A chargeback fee must be paid by the party found at fault. Organizations like eCommerce giant PayPal charge businesses $20 per chargeback. Others like Visa and MasterCard go as high as $100.
Too many chargebacks can freeze your business’s merchant account. You also don’t get the money you were promised.
When it comes to credit card chargebacks, the burden of proof is on you, the business owner. The entire process could last as long as six months. In the end, the card vendor will always side with their client. Therefore, you must prove that the charge is correct on your end.
The Chargeback Process
- Customer’s card makes a transaction with a vendor
- About 30 days later, the customer sees a transaction on their credit card report that they do not agree with
- Customer calls their bank to dispute the charge
- The customer’s bank contacts the vendor’s bank for evidence to prove the transaction is valid
- Vendor’s bank asks the vendor for any financial data that relates to the chargeback
- Vendor’s bank goes back to the customer’s bank with the evidence
- The customer decides if the charge is valid or not
If the charge is valid
- No more money changes hands
- If the customer still refutes the charge, the vendor and customer go to arbitration, which will consist of a panel that decides if the charges are valid
- Arbitration asks for the evidence as supplied by the vendor
- Arbitration makes a final ruling on if the charge is valid
If the charge is ruled as invalid,
- The vendor pays the customer the amount they are owed, then pays the credit card processor the necessary fees
How to Prevent Chargebacks
1. Check for customer scams or card fraud
Credit card fraud is one of the top reasons for chargebacks.

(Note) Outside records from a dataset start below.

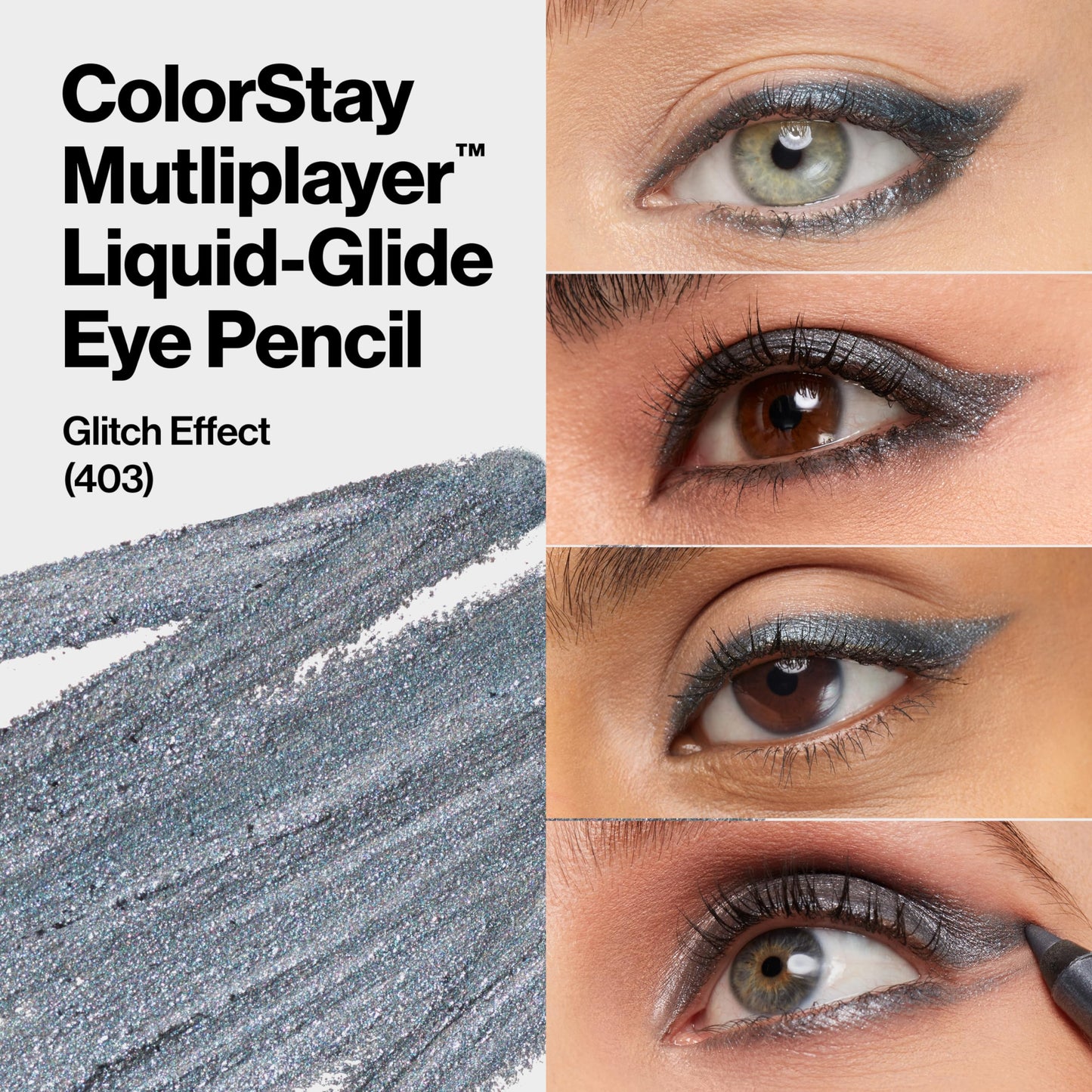 REVLON ColorStay Multiplayer Liquid-Glide Eye Pencil, Multi-Use Makeup With Blending Brush, Blends Then Sets, Creamy Texture, Waterproof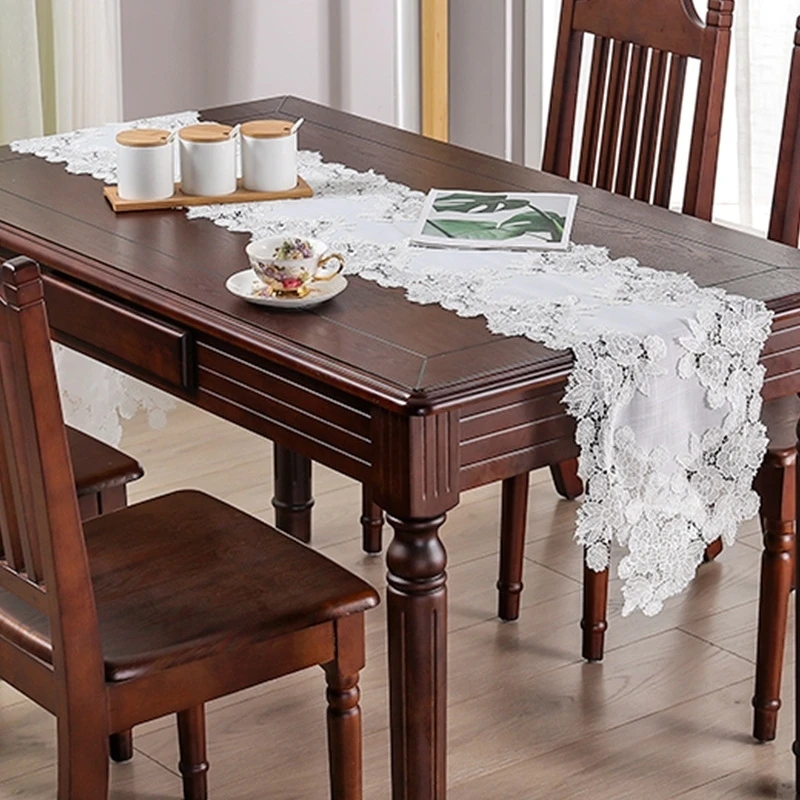 European Style Simple Cotton Lace Trim Dining Table Runner Flag Pad Piano TV Cabinet Cover Hotel Furniture Banquet Party Decor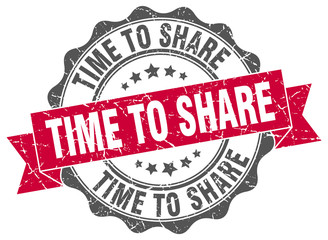 Obraz premium time to share stamp. sign. seal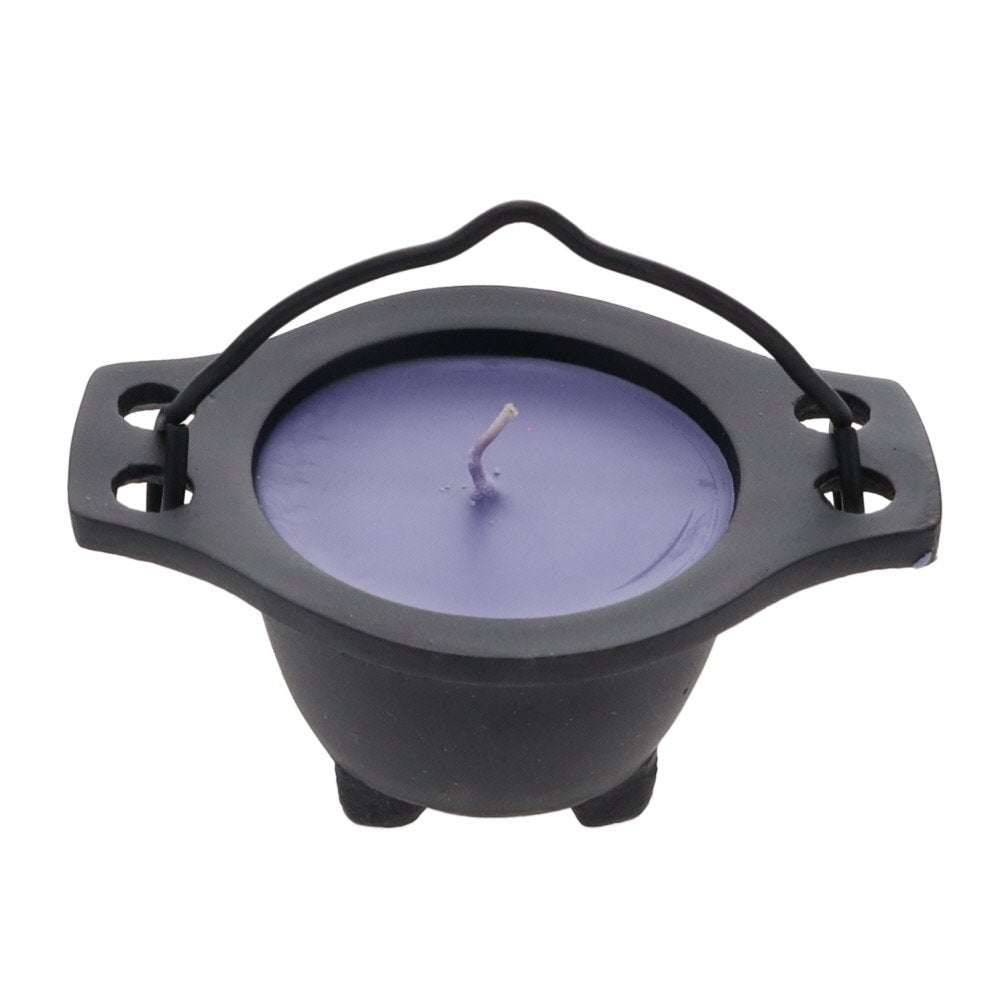 Lavender Candle in Black Cauldron 10x5x7cm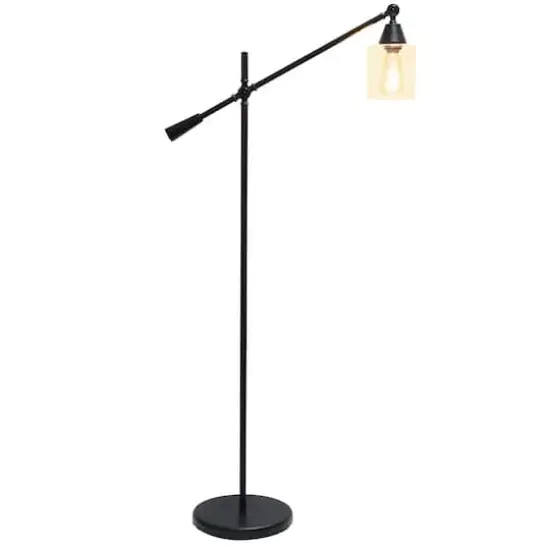 Lalia Home 4.6ft. Swing Arm Floor Lamp with Glass Cylindrical Shade Matte Black {3}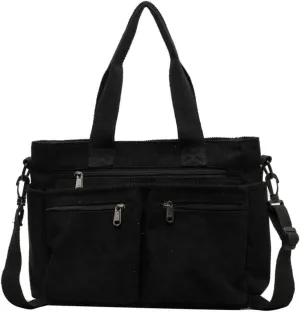 Womens Casual Corduroy Satchel Totes Handbags Large Capacity Tote Bag Purse Multiple Pockets Satchel Bag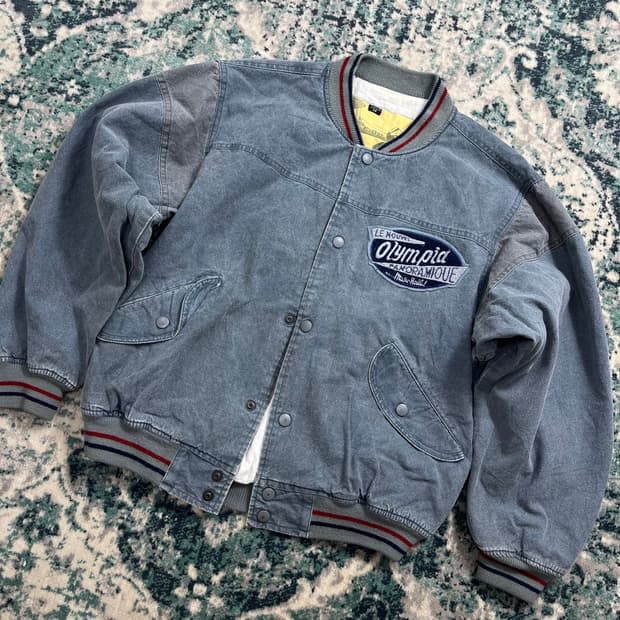 90s Jpn Vtg APR 올림피아 파노라미크 데님 바시티 (M)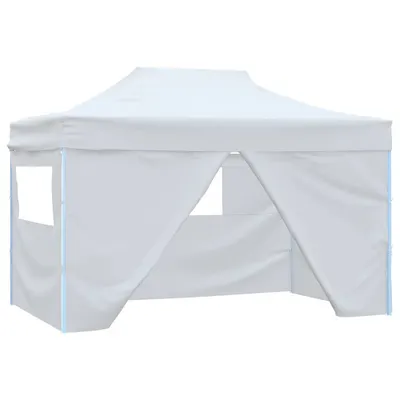vidaXL Cort de petrecere pliabil cu 4 pereți, alb, 280x410x315 cm, oțel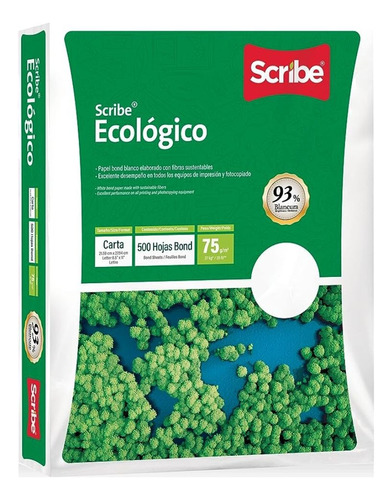 Paquete 500 Hojas Papel Blanco Carta Ecologico Verde Scribe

To prevent stolen cards from being used, do the following:
- Make sure the card is present during a transaction
- Check the card’s name, signature, and expiration date
- Check the customer’s ID to see if it matches the card
2. Install EMV Card Readers
EMV cards are enhanced with improved security features. Installing an EMV card reader at your business protects you against chargebacks.
Businesses who have EMV card readers are more likely to win chargeback disputes. This will put a greater burden of proof on the cardholder.
An EMV card reader at your business protects you against chargebacks
3. Chargeback Insurance
Several organizations exist that protect businesses from chargebacks. Chargeback insurance companies cover businesses in many situations, including:
- Accidental transaction of a stolen card
- Accidental transaction of a forged card
- Mismatched signatures
Businesses can get reimbursed for any services or products charged back. Also, companies can recoup costs if they are claiming lost profit.
4. Make sure the business name is the same both in your store and on credit card transactions
Let’s say you are a brick and mortar store called ABC, Incorporated. However, you work under a parent company known as XYZ Companies. Your business front is known as ABC, Inc., but all transactions are conducted as XYZ.
Your customer won’t know these are the same. This may lead them to dispute the charges. Making sure the business name matches on the receipt gets rid of confusion and cuts down on chargebacks.
Other reasons customers may want a chargeback include:
- Products were not good enough
- Services or products were misrepresented
- They were billed wrong
- They were not given the correct product
When this occurs, address customer concerns promptly and keep thorough records. These are issues unrelated to credit card transactions and are based on customer satisfaction.
With the right customer relations strategy, you could avoid chargebacks and save your company from any long term damage.